**Task objective**: Find the line with "GALERÍA | Las" in the records below. Copy it and every line after it, up to and including the line with "Kids prepare pizzas".

**Task inputs**:
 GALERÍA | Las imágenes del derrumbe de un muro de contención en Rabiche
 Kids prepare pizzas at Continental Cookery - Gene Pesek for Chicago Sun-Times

==

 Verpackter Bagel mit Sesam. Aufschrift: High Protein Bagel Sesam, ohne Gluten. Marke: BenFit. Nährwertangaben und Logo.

**Written answer**:
 GALERÍA | Las imágenes del derrumbe de un muro de contención en Rabiche
 Kids prepare pizzas at Continental Cookery - Gene Pesek for Chicago Sun-Times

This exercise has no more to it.